I really don’t know, dear readers. There are a lot of grey areas in this scenario, but there are a few things I can tell you for certain.
Firstly, that the Laws of the Game state that once the match official blows the final whistle, the match is over and the results are final. Individual leagues and competitions are permitted to have appendixes which modify or adjust the Laws of the game and/or expand upon them. The guiding principle within FIFA, however, is that final results are just that; final.
You do not castrate the match official by second-guessing his or her decisions, regardless of how ludicrous, negligent or (from an outside perspective) heinous and questionable they may be or the implications of the result simply because of the precedent it would set.
If ONE result is subject to appeal and over-turning after the fact, then EVERY result is subject to appeal and over-turning after the fact. There is enough complaining, petitioning, and controversy in football already. Not only would such an over-turning of the result constitute a vote of no-confidence in Dr. Felix Byrch and be a serious blow to his officiating career, but it would send a frightening message to all footy refs around the globe that they were disposable heroes to be discarded the moment they make a mistake. I assure you, dear readers, if that were the attitude that FIFA would take, then they would be out of referees within five years.

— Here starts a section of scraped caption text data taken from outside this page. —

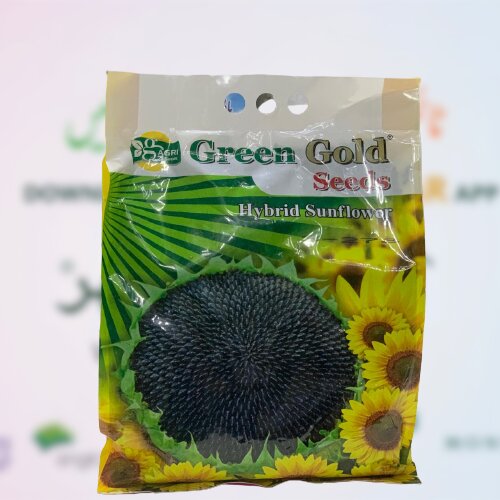 2nd Sunflower 2kg Hybrid Seed F1 Green Gold S-278 Sun Flower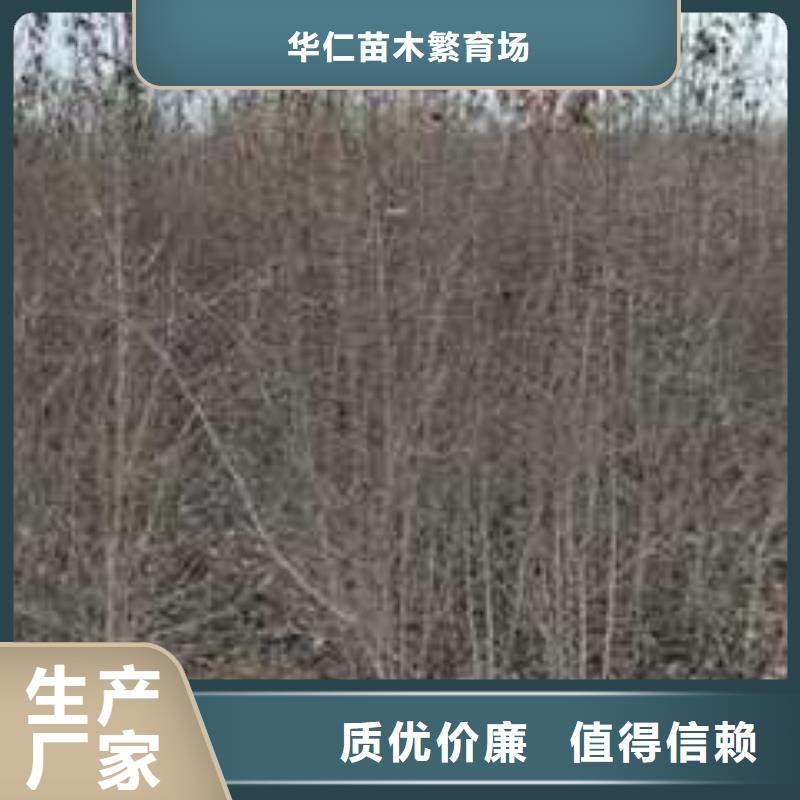 杜梨树苗新品种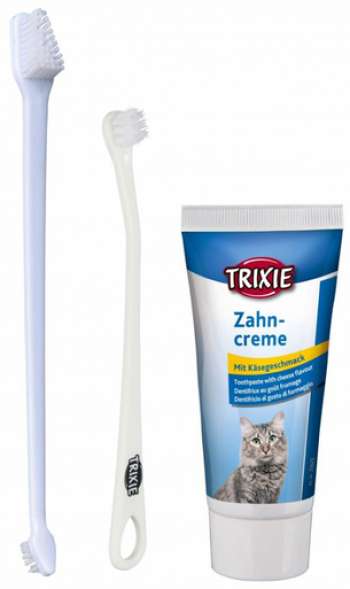 Tandvårdskitt med tandkräm och tandborste för katt - Tandvårdskitt för hund
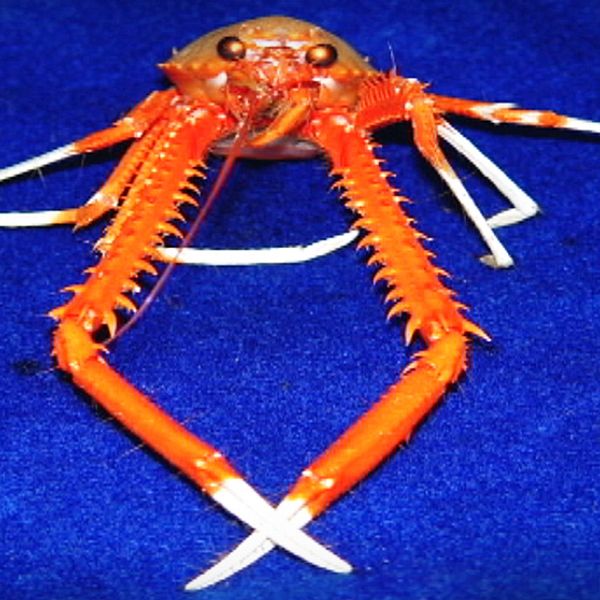 Den här krabban gillar mat som lyser i mörkret. Men den vet också vilka självlysande saker som är giftiga.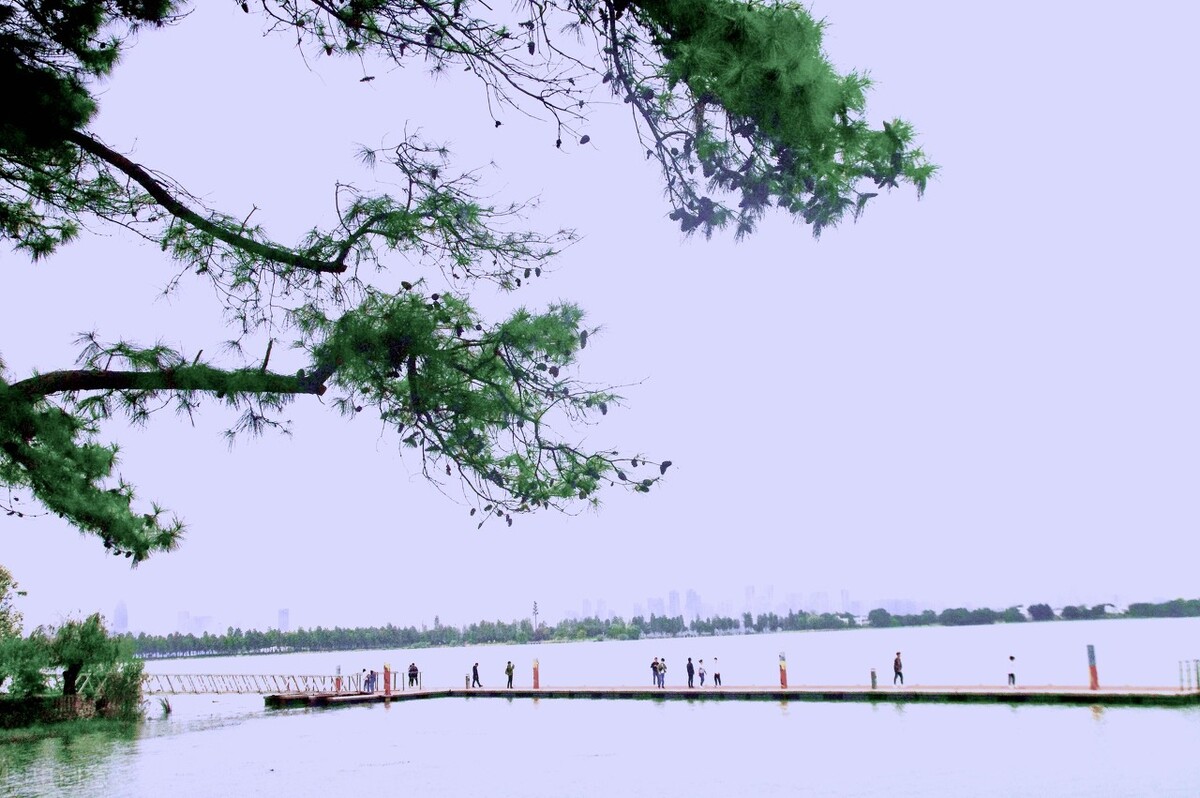 深圳5a景区门票免费,河南省5a景区免门票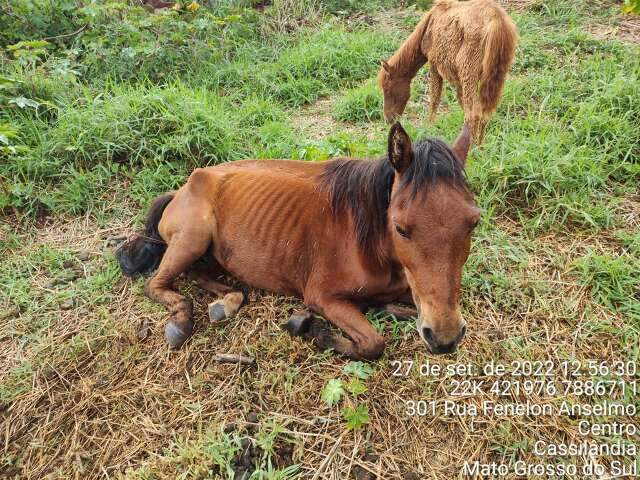 Cavalos s&atilde;o resgatados de terreno baldio sem &aacute;gua e comida 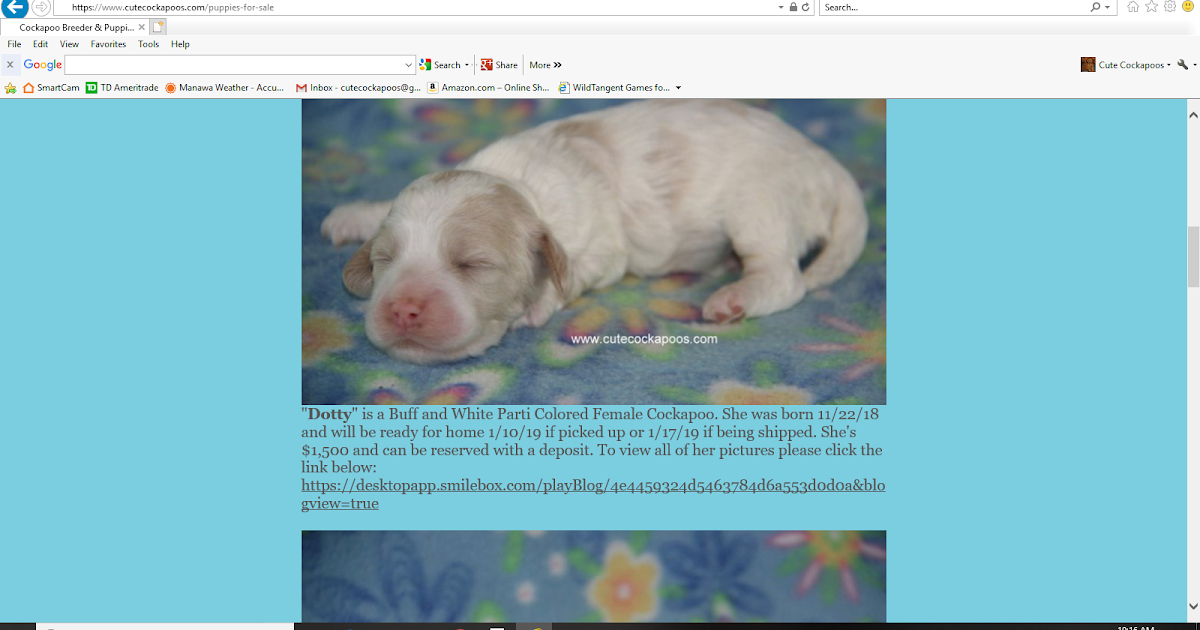 Cute Cockapoos Puppy Take Home Dates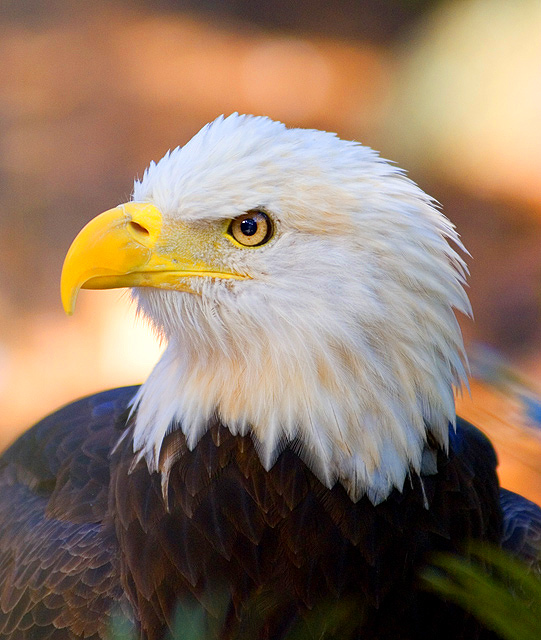 The Eagle Has Landed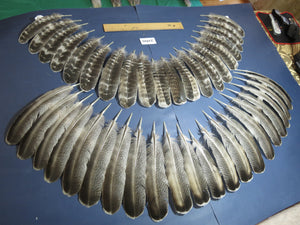 42 Pcs Turkey Wing Feathers, Fly Tying Material,Craft Feathers,Natural Turkey Feathers (2160)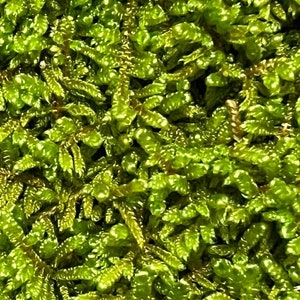 Brocade Moss / Live Sheet Moss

The one thing that makes all the training, all the grief, the stress, the death threats and insults, the mixed messages from instructors and scathing assessments, the money spent on travel, uniform and equipment and the meager, meager pay cheques worth while to footy referees everywhere is the fact that FIFA does their officials one simple courtesy; they respect our autonomy and they stand behind our decisions made on the pitch, regardless of how ludicrous they may be. (My thoughts stray to a certain Women’s World Cup match and an absolutely ludicrous call against a goalkeeper for handling the ball for more than six seconds.)
If THAT decision was not over-turned and that game not replayed, then will they really replay an early season match that, in the grander scheme of things, will not be definitive in determining the fate of either Hoffenheim OR Leverkusen’s season? If I had to make a wager, I would wager quite definitely in the negative. Though I feel for the Hoffenheim fans, just as I feel for the players who have, rightly or wrongly, perceived themselves victimized by any and every one of my free kicks, goal kicks, corner kicks, throw ins, kick ins, penalty kicks, off sides and goals I have ever awarded, called back, or not called at all, there is a “Law 19″ in FIFA’s Laws of the Game that is not in the book and is as applicable to referees, players, managers and fans that I am willing to share with you all and it is this.

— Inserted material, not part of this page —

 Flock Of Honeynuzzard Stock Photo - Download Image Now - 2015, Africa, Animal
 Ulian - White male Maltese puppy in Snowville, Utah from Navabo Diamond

Shit happens. You have a better chance at success, both in the immediate future, the long term and everywhere in between if you follow the advice of some of the sagest football minds I have ever met, be they players, coaches or referees. “Get on with it”. You have a better chance of success if you leave it in the past and move on.
My sincerest sympathies to 1899 Hoffenheim, Koen Casteels the Hoffenheim goalkeeper, Hoffenheim fans and their ownership group. I truly wish that I, or anyone else, could help you in your hour of need, but sadly enough, you’re going to have to help yourself. For instructions on how to do so, please refer to Law 19 as stated above.